You are viewing a plain text version of this content. The canonical link for it is here.
Posted to user@beam.apache.org by Evan Galpin <eg...@apache.org> on 2022/08/05 14:35:56 UTC

[Dataflow][Java][stateful] Workflow Failed when trying to introduce stateful RateLimit

Hi all,

I'm trying to create a RateLimit[1] transform that's based fairly heavily
on GroupIntoBatches[2]. I've been able to run unit tests using TestPipeline
to verify desired behaviour and have also run successfully using
DirectRunner.  However, when I submit the same job to Dataflow it
completely fails to start and only gives the error message "Workflow
Failed." The job builds/uploads/submits without error, but never starts and
gives no detail as to why.

Is there anything I can do to gain more insight about what is going wrong?
I've included a gist of the RateLimit[1] code in case there is anything
obvious wrong there.

Thanks in advance,
Evan

[1] https://gist.github.com/egalpin/162a04b896dc7be1d0899acf17e676b3
[2]
https://github.com/apache/beam/blob/c8d92b03b6b2029978dbc2bf824240232c5e61ac/sdks/java/core/src/main/java/org/apache/beam/sdk/transforms/GroupIntoBatches.java

Re: [Dataflow][Java][stateful] Workflow Failed when trying to introduce stateful RateLimit

Posted by Evan Galpin <eg...@apache.org>.
Thanks for the suggestion Luke!

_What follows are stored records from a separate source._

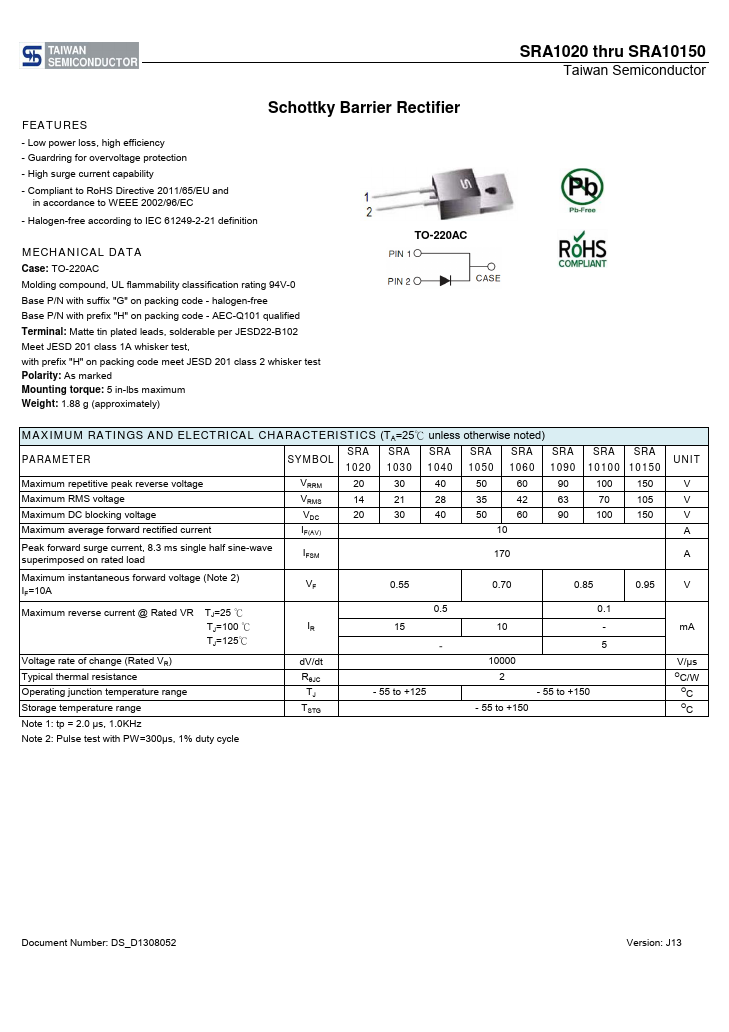 SRA1050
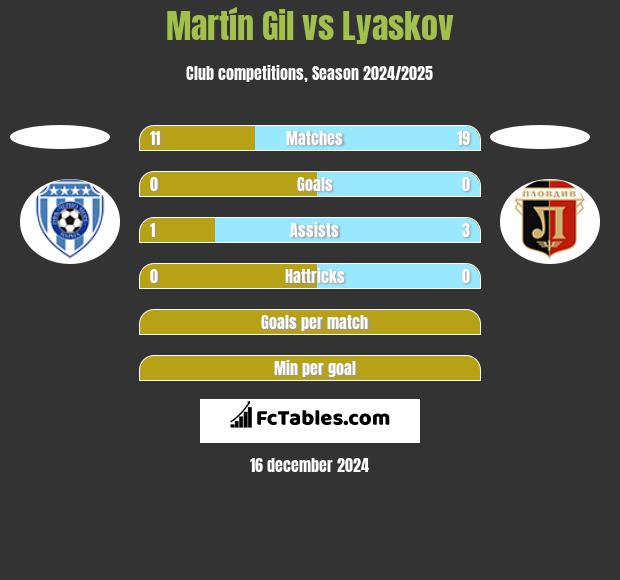 Martín Gil vs Lyaskov h2h player stats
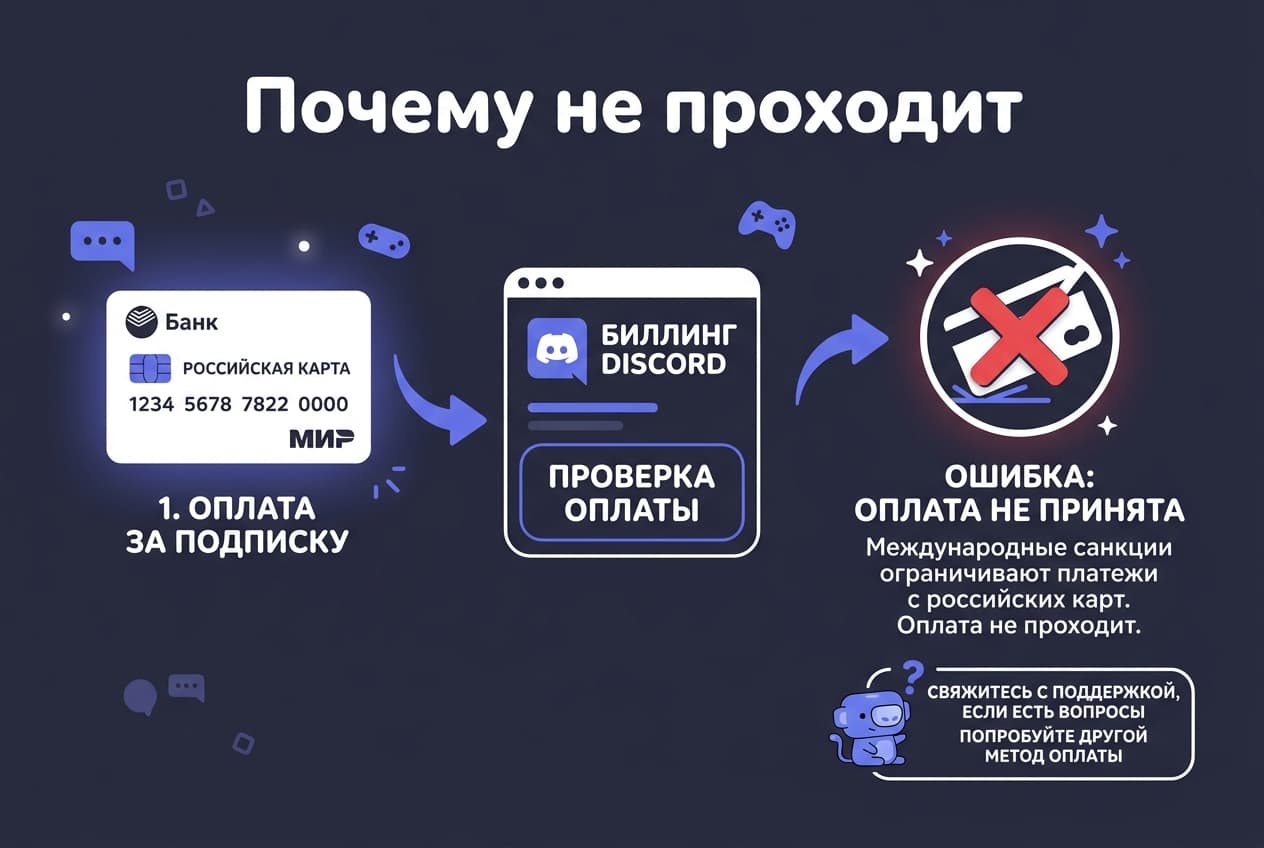 Как оформить Discord Nitro из России в 2026 году — фото 3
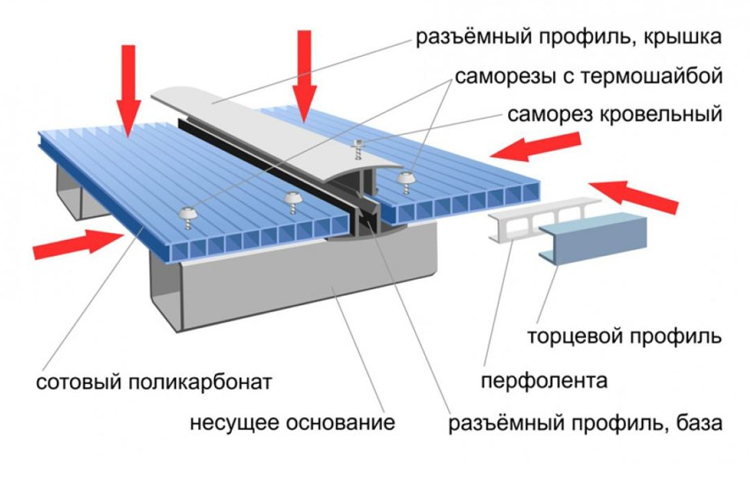 Как крепить поликарбонат: на теплицу, к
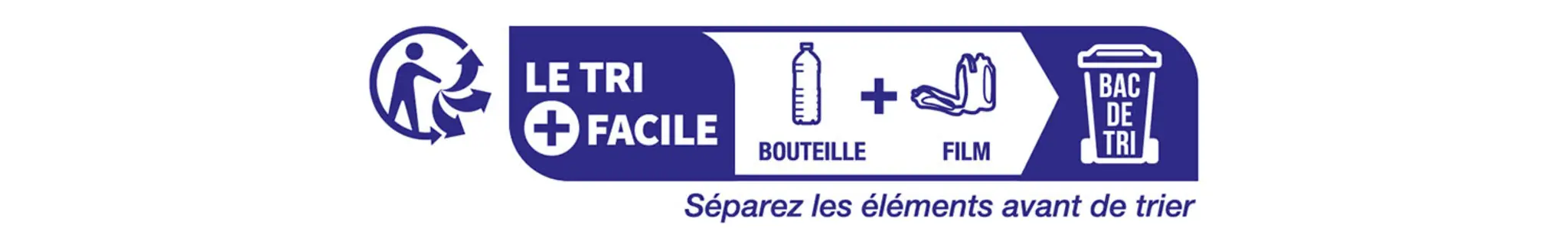 Consignbes de tri CITEO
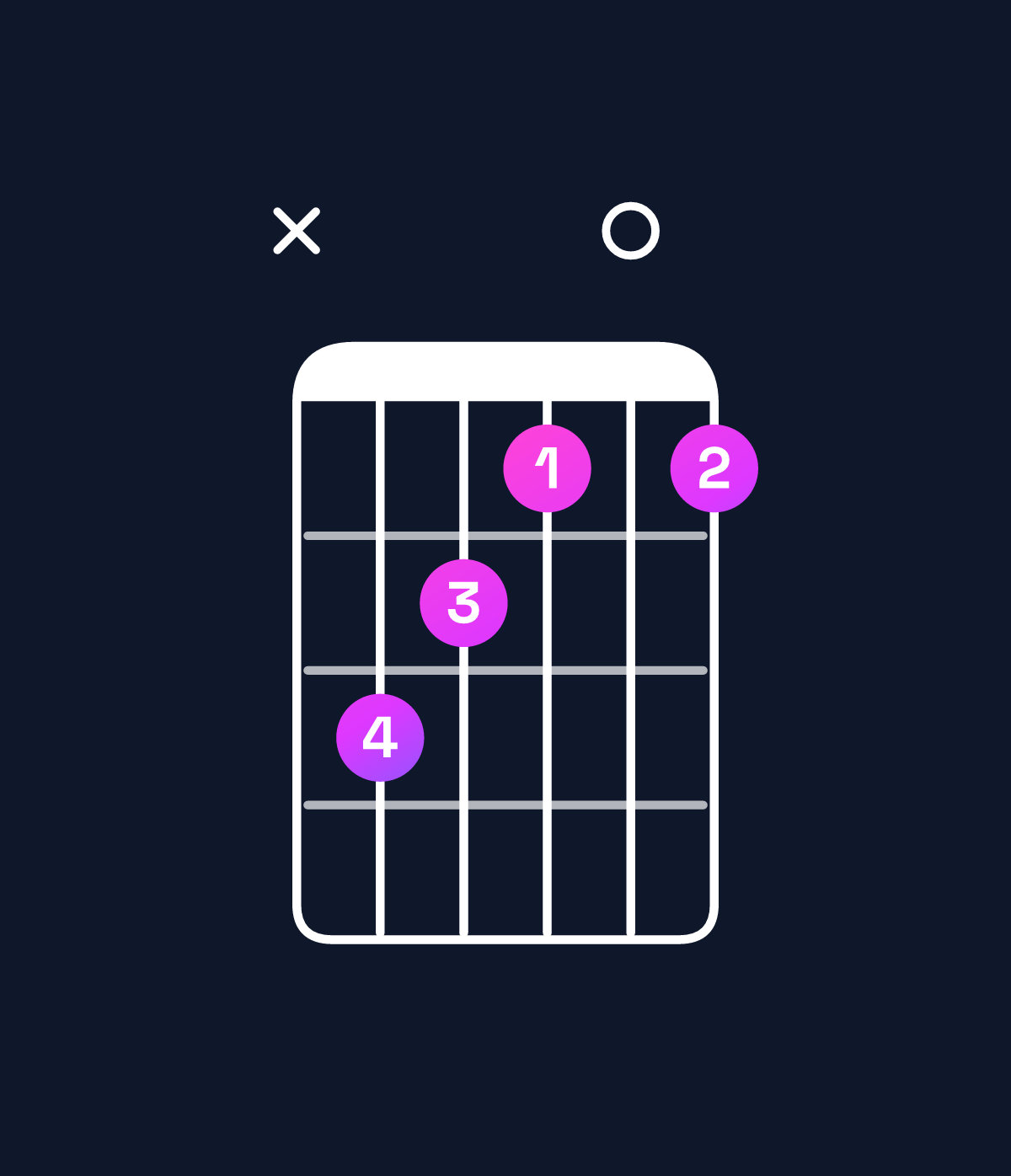 Chord chart for How to play B minor major 7th / F♯ (2nd inversion) chord on guitar — Shape x98707 | Guitar Wiz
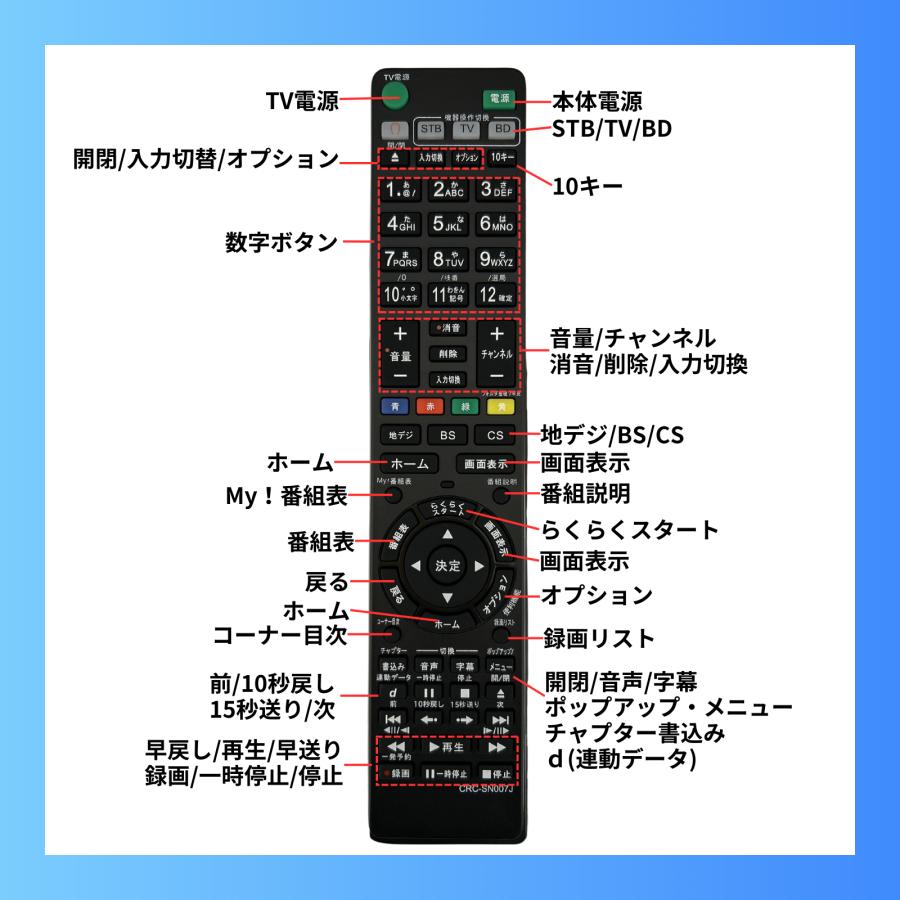 ソニー リモコン ブルーレイ レコーダー RMT-B007J RMT-B009J ソニー リモコン ブルーレイ レコーダー RMT-B007J RMT-B009J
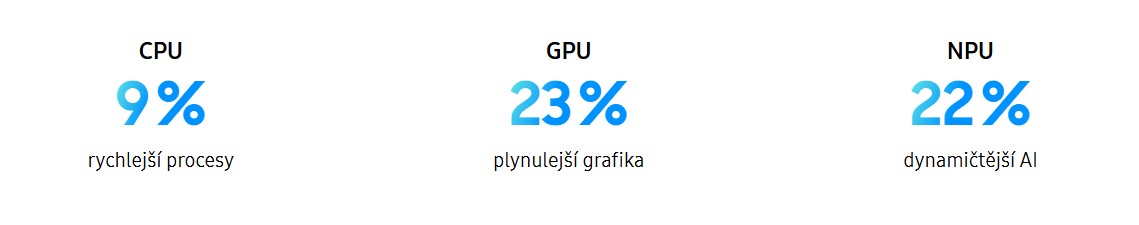 Mobilní telefon SAMSUNG Galaxy Z Flip 7 12GB256GB Blue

Unfortunately it looks like v2 also fails
in the same way (pipeline does not start at all with "Workflow Failed"
error message).

Thanks,
Evan

On Fri, Aug 5, 2022 at 12:52 PM Luke Cwik via user <us...@beam.apache.org>
wrote:

> You could try Dataflow Runner v2. The difference in the implementation may
> allow you to work around what is impacting the pipelines.
>
> On Fri, Aug 5, 2022 at 9:40 AM Evan Galpin <eg...@apache.org> wrote:
>
>> Thanks Luke, I've opened a support case as well but thought it would be
>> prudent to ask here in case there was something obvious with the code.  Is
>> there any additional/optional validation that I can opt to use when
>> building and deploying the pipeline that might give hints? Otherwise I'll
>> just wait on the support case.
>>
>> Thanks,
>> Evan
>>
>> On Fri, Aug 5, 2022 at 11:22 AM Luke Cwik via user <us...@beam.apache.org>
>> wrote:
>>
>>> I took a look at the code and nothing obvious stood out to me in the
>>> code as this is a ParDo with OnWindowExpiration. Just to make sure, the
>>> rate limit is per key and would only be a global rate limit if there was a
>>> single key.
>>>
>>> Are the workers trying to start?
>>> * If no, then you would need to open a support case and share some
>>> job ids so that someone could debug internal service logs.
>>> * If yes, then did the workers start successfully?
>>> ** If no, logs should have some details as to why the worker couldn't
>>> start.
>>> ** If yes, are the workers getting work items?
>>> *** If no, then you would need to open a support case and share some
>>> job ids so that someone could debug internal service logs.
>>> *** If yes then the logs should have some details as to why the work
>>> items are failing.
>>>
>>>
>>> On Fri, Aug 5, 2022 at 7:36 AM Evan Galpin <eg...@apache.org> wrote:
>>>
>>>> Hi all,
>>>>
>>>> I'm trying to create a RateLimit[1] transform that's based fairly
>>>> heavily on GroupIntoBatches[2]. I've been able to run unit tests using
>>>> TestPipeline to verify desired behaviour and have also run successfully
>>>> using DirectRunner.  However, when I submit the same job to Dataflow it
>>>> completely fails to start and only gives the error message "Workflow
>>>> Failed." The job builds/uploads/submits without error, but never starts and
>>>> gives no detail as to why.
>>>>
>>>> Is there anything I can do to gain more insight about what is going
>>>> wrong?  I've included a gist of the RateLimit[1] code in case there is
>>>> anything obvious wrong there.
>>>>
>>>> Thanks in advance,
>>>> Evan
>>>>
>>>> [1] https://gist.github.com/egalpin/162a04b896dc7be1d0899acf17e676b3
>>>> [2]
>>>> https://github.com/apache/beam/blob/c8d92b03b6b2029978dbc2bf824240232c5e61ac/sdks/java/core/src/main/java/org/apache/beam/sdk/transforms/GroupIntoBatches.java
>>>>
>>>

Re: [Dataflow][Java][stateful] Workflow Failed when trying to introduce stateful RateLimit

Posted by Luke Cwik via user <us...@beam.apache.org>.
You could try Dataflow Runner v2. The difference in the implementation may
allow you to work around what is impacting the pipelines.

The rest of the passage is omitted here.